Now consider the scenario where your connection pool was already created to the cluster endpoint when you have one instance behind it. Now, if you add more instances, there will be no impact to your application, unless you terminate your connection and reestablish them. You would do a DNS round robin again, and this time some of your connections would land on the new instance that you provisioned.
Few callouts:
In Aurora, you have 2 cluster endpoints. One (RW) endpoint always points to the current writer and one (RO) does the DNS round robin between your read replicas.
Also, DNS propagation might take a few seconds when failovers happen, so that occasional errors are quite natural when failovers occur.
Hope this helps.
We've implemented a driver to try to mitigate this problem, with some visible gains: https://github.com/DiceTechnology/dice-fairlink
It regularly discovers the read-replicas to catch up with cluster changes and round-robins connections among them.
Despite not measuring any CPU utilisation, we've observed a better load distribution than with the native DNS based round-robin of the cluster reader endpoint
The Aurora's DNS based load balancing works at the connection level (not the individual query level). You must keep resolving the endpoint without caching DNS to get a different instance IP on each resolution. If you only resolve the endpoint once and then keep the connection in your pool, every query on that connection goes to the same instance. If you cache DNS, you receive the same instance IP each time you resolve the endpoint.
Unless you use a smart database driver, you depend on DNS record updates and DNS propagation for failovers, instance scaling, and load balancing across Aurora Replicas. Currently, Aurora DNS zones use a short Time-To-Live (TTL) of 5 seconds. Ensure that your network and client configurations don’t further increase the DNS cache TTL. Remember that DNS caching can occur anywhere from your network layer, through the operating system, to the application container. For example, Java virtual machines (JVMs) are notorious for caching DNS indefinitely unless configured otherwise. Here are AWS documentation and Aurora whitepaper on configuring DNS cache ttl.
My guess is that you are not connecting to the cluster endpoint.

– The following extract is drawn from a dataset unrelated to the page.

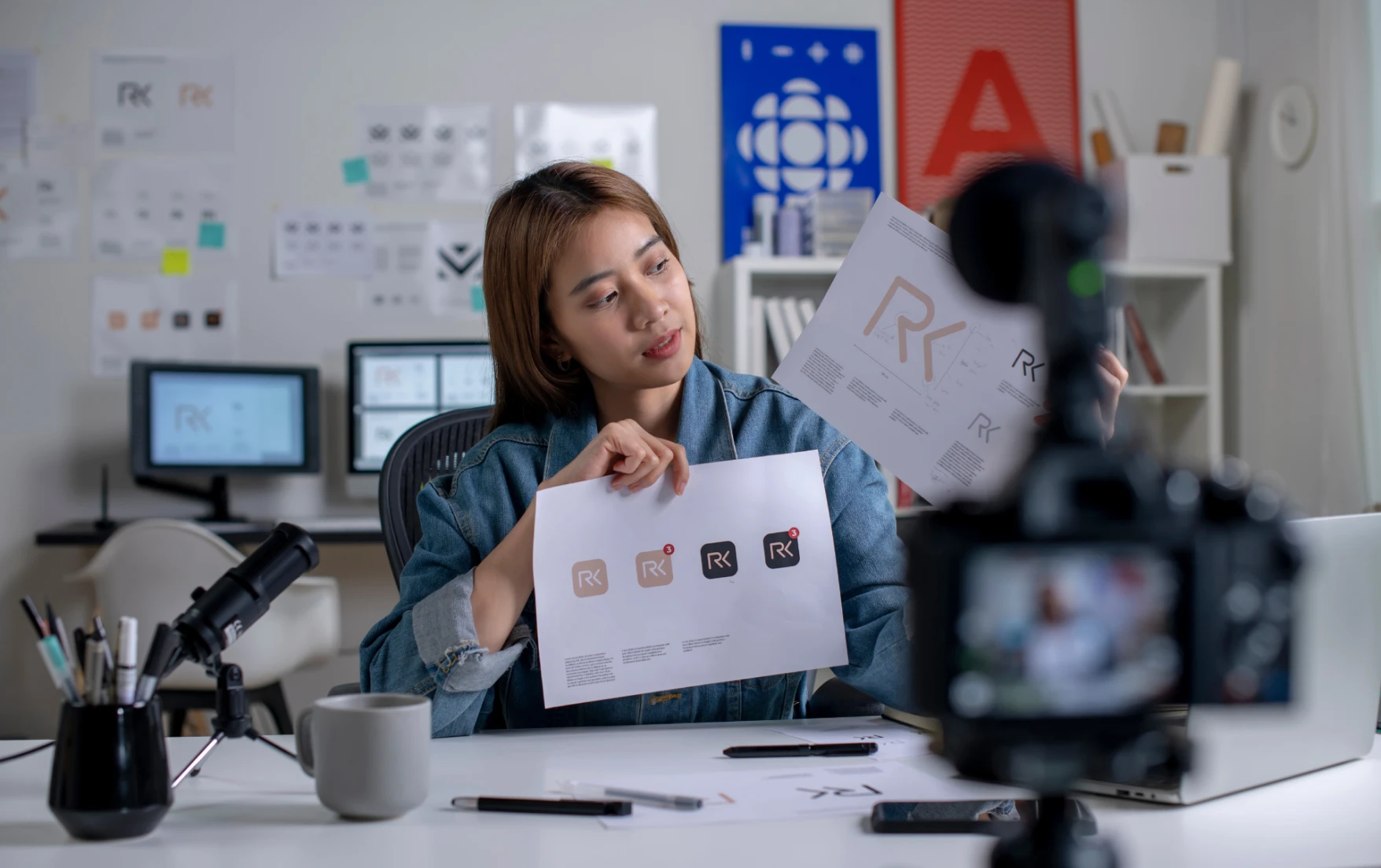 Graphic design influencer recording content for social media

Load Balancing – Connecting to the cluster endpoint allows Aurora to load-balance connections across the replicas in the DB cluster. This helps to spread the read workload around and can lead to better performance and more equitable use of the resources available to each replica. In the event of a failover, if the replica that you are connected to is promoted to the primary instance, the connection will be dropped. You can then reconnect to the reader endpoint in order to send your read queries to the other replicas in the cluster.
New Reader Endpoint for Amazon Aurora – Load Balancing & Higher Availability
[EDIT]
To load balance within a single application, you will need to reconnect to the endpoint. If you use the same connection for all queries only one replica will be responding. However, opening connections is expensive so this might not provide much benefit unless your queries take some time to run.